We are talking here of works with an eminent social spirit that respond to a Romani historical need, deploying the real memory of an unjustly oppressed people.
During the era that illuminates the last remnants and sparks of the dictatorial regime of Francisco Franco, we have the opportunity to consider the appearance of two fundamental flamenco dramaturgical works – Camelamos Naquerar (1976) and Persecución (1979) – that were to change symbolically and forever, each in its own way, the history of the Rroma People and their situation of political fragility at the crossroads of 479 years of systematic oppression by modern Spanish institutions. We are talking here of works with an eminent social spirit that respond to a Romani historical need, deploying in a cathartic way the real memory of an unjustly oppressed people.
Camelamos Naquerar: the dignified denunciation before the imposed silence
Camelamos Naquerar (‘We Want to Talk’ in Caló, the Spanish Romani ethnolect of the Roma people in Spain, Portugal and southern France) represents a landmark of flamenco theatre in which the thorough, intelligent hybridization of social denunciation, cante (flamenco singing), baile (flamenco dancing) and toque (flamenco playing), between militant historiography and high-quality poetry, turns out to merge into a work that until now has been extremely difficult to position and whose meaning is still open, given the circumstances of the Rroma People in the Iberian peninsula.
José Heredia Maya (1947–2010), a legendary and unique figure, poet, playwright and professor at the University of Granada, developed the revolutionary idea while immersed in intense cultural activity that he shared between the Poetry Department and the Flamenco Studies Seminar. He is remembered today as one of the most important intellectuals of the city of Granada of the second half of the twentieth century.

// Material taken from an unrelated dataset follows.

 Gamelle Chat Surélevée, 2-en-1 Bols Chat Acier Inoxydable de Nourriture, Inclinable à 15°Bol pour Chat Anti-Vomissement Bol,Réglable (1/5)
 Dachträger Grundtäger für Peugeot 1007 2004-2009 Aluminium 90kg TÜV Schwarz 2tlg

From the ‘theatre of cruelty’ of Antonin Artaud, through the ‘poor theatre’ of Jerzy Grotowski, from the influence of Bertolt Brecht to that of Erwin Piscator, José Heredia knew how to condense the elements derived from his renewed knowledge of contemporary theatre in Camelamos Naquerar, and gained resounding success through his commendable aesthetic simplicity and semantic elegance, both so difficult to achieve
The show premiered with production by José María Ojeda, script and poetry by José Heredia Maya himself and stage direction by the extraordinary dancer and choreographer Mario Maya Fajardo, and with the voices of Gómez de Jerez and Antonio Cuevas, El Piki, Concha Vargas’ dance and the guitars of Paco Cortés and El Chuscales. It gained traction through an extensive national tour, provoking all kinds of collective reactions.

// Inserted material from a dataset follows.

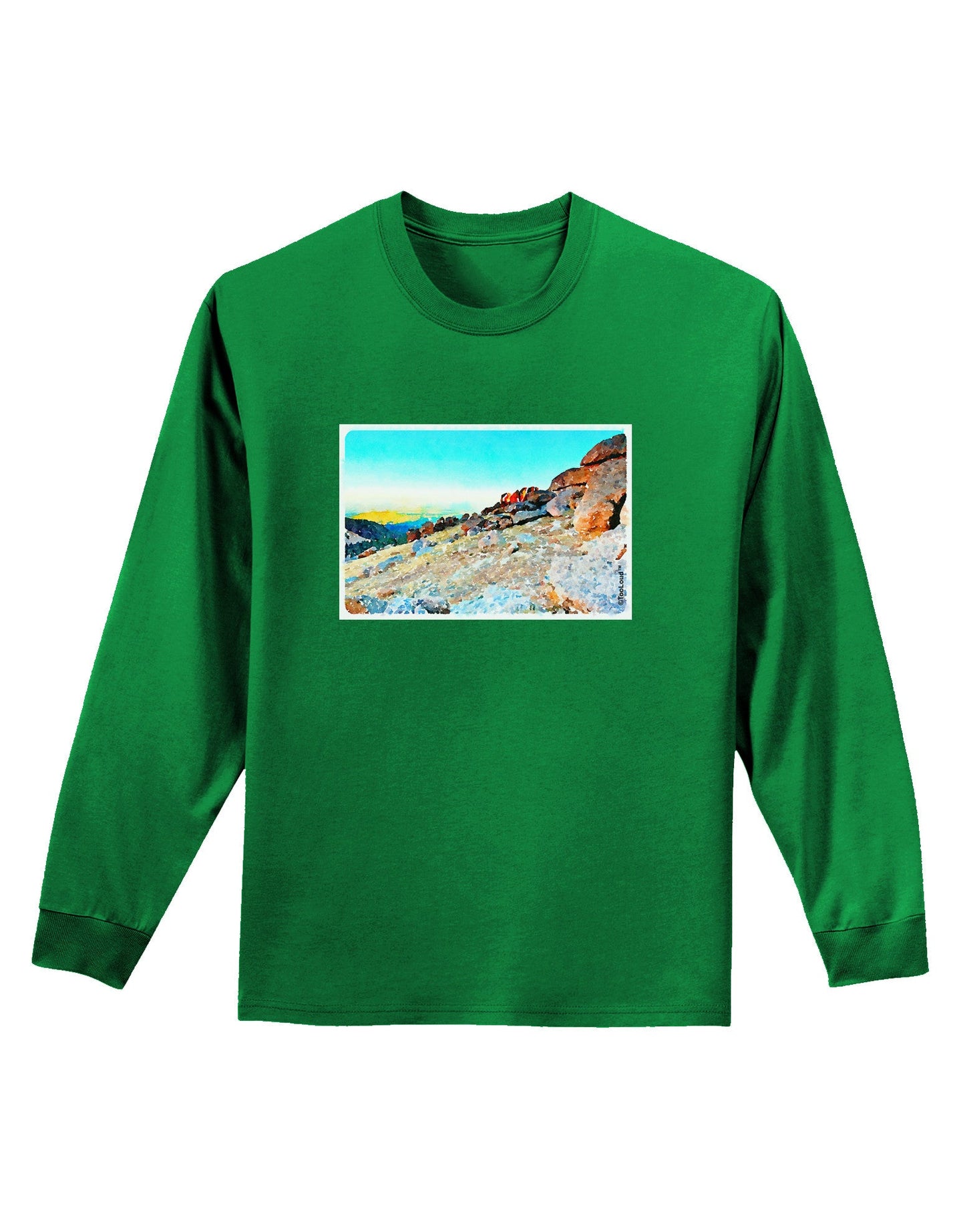 CO Rockies View Watercolor Adult Long Sleeve Dark T-Shirt-TooLoud-Kelly-Green-Small-Davson Sales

The oppression of Gitanos must cease immediately.
The progressive press of the time enthusiastically acclaimed that stark cry of dignity, while certain fascist segments, such as the so-called PRD (‘Democratic Racial Party’), harassed the members of the cast and threatened them, trying, for example, to burn one of the theatres in which Camelamos Naquerar was going to be released. The work was not limited to showing the historical reasons why Roma of that territory were in a sort of archaic and persistent internal exile, but it also launched a hopeful and clear message into the face of power: the oppression of Gitanos must cease immediately.
Such was the influence of the show in shaping the nascent Spanish–Romani associative movement of the Spanish state that the last four anti-Romani laws existing in the Civil Guard regulations, denounced in 1978 by deputy Juan de Dios Ramírez-Heredia, were abolished in the heat of the revolutionary impulse that Camelamos Naquerar sowed in the collective consciousness of the moment.

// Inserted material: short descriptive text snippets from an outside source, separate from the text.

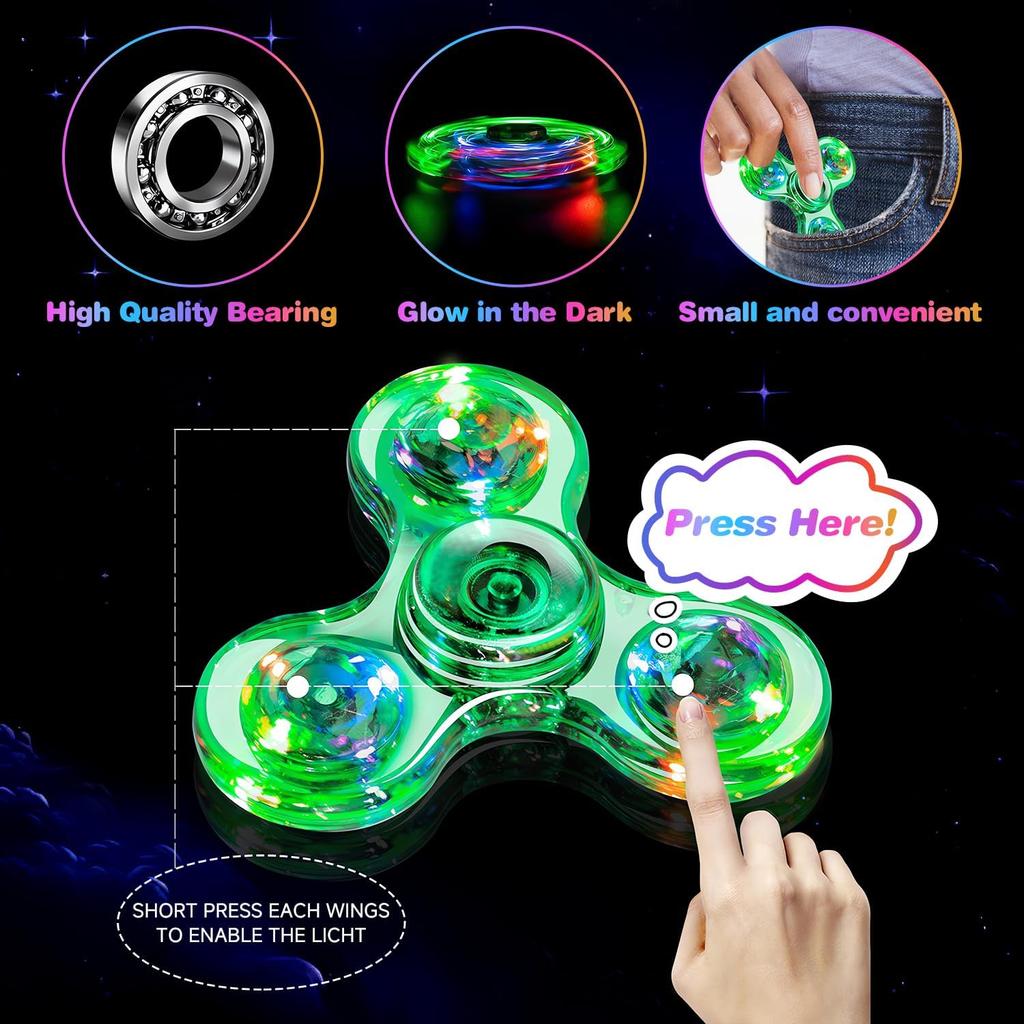 Rozsviťte Fidget Spinner Svítí ve tmě LED Prstová hračka Úleva od stresu Senzorická hračka pro Dárky na párty Školní ceny Výplň do tašky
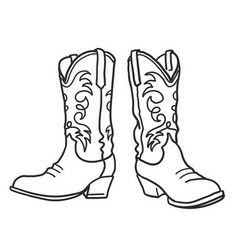 Drawing Cowboy, Cowboy Boots Drawing, Bota Cowboy, Simple Line Drawing, Simple Line Drawings, Hand Drawn Vector, Cowboy Boot, Line Drawing, Holiday Crafts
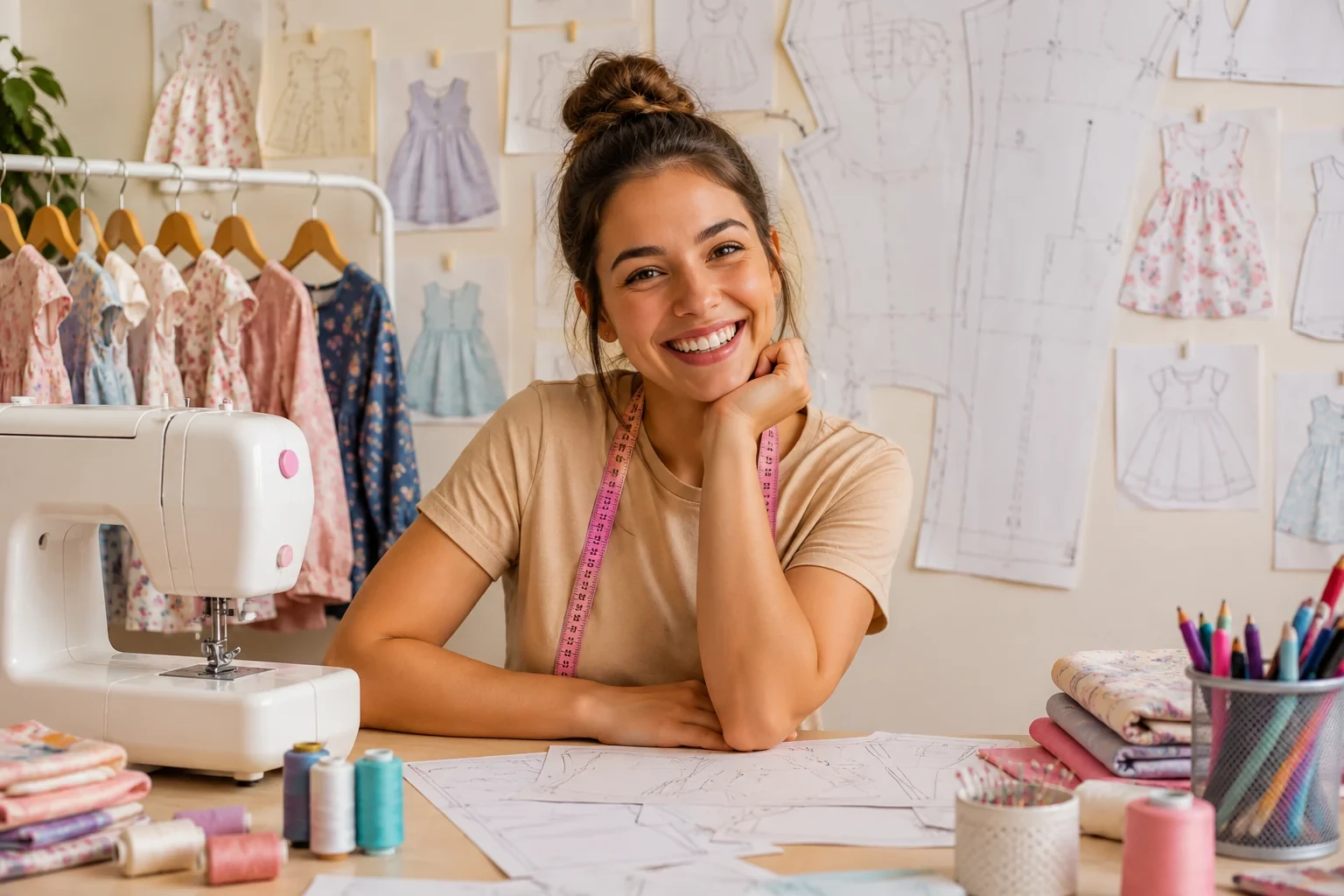 Costureira sorrindo em seu ateliê com máquina de costura, moldes de roupinhas infantis impressos e arara com vestidos infantis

Persecutión: from heart to heart, joy against pain
The idea of bringing the flamenco album Persecución (1978) to the theatre occurred in a particular and unexpected way. Francisco Suárez Montaño (Extremadura, 1948), an acclaimed and illustrious playwright with a long career and national success, who was director of the Classical Theatre Festival of Mérida for three years running, first listened to the album, composed by the poet Félix Grande and played by Juan Peña, ‘El Lebrijano’, during a car trip with his family. As a result of that contact with the work, the playwright was deeply moved by the crude poetic story and by the aesthetic force produced by the terrible anti-Romani pragmatics that cross the endless siege space between the fifteenth and the eighteenth centuries.
Francisco Suárez, as part of his extensive and cultured work, had dedicated to his people a heartfelt theatrical trilogy, starting with Persecución (1978) and followed by Romancero Gitano (2005) and Ithaca (2006). He decided to begin a determined tour in search of the appropriate support, thus becoming the spiritual ambassador of the longing to transform Persecutión into a theatrical musical spectacle; using it – as José Luis Ortiz Nuevo, the writer and flamenco expert, would say in a review written after the premiere of the play in the Lope de Vega Theatre in Seville, Spain – to convert pain into joy.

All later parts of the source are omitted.